Requisitos y permisos
Si desea más información sobre los requisitos del usuario para trabajar con experimentos de ML, vea Trabajar con experimentos.
Ejecución de entrenamiento experimental
Haga lo siguiente:
- Cree y configure un nuevo experimento o abra un experimento desde el Catálogo.
-
En la parte inferior derecha de la pantalla, haga clic en Ejecutar experimento para iniciar el entrenamiento.
(Para las versiones siguientes, el botón mostrará Ejecución v2, Ejecución v3, etc.).
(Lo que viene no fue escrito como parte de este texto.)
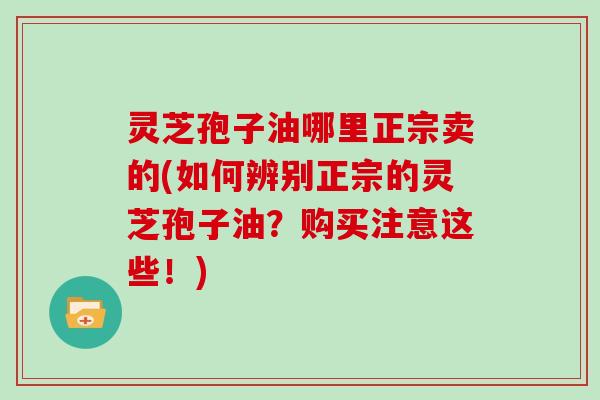 灵芝孢子油哪里正宗卖的(如何辨别正宗的灵芝孢子油?购买注意这些!) 灵芝孢子油哪里正宗卖的(如何辨别正宗的灵芝孢子油?购买注意这些!)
Cuando finaliza el entrenamiento, las métricas del modelo aparecen como disponibles. Ahora ya está listo para revisar y perfeccionar los modelos. Para más información, vea Revisar los modelos y Refinar los modelos.
Administrar las tareas de entrenamiento
Los administradores de espacios empresariales inquilinos pueden detener o cancelar los trabajos de entrenamiento de experimentos desde el centro de actividades Administración. Para más información, vea Administrar Qlik Predict.
Configurar notificaciones
Puede recibir notificaciones cuando se completa el entrenamiento de un solo modelo y cuando se completa el entrenamiento de todos los modelos en una versión experimental. Para más información, vea Configurar notificaciones en Qlik Predict.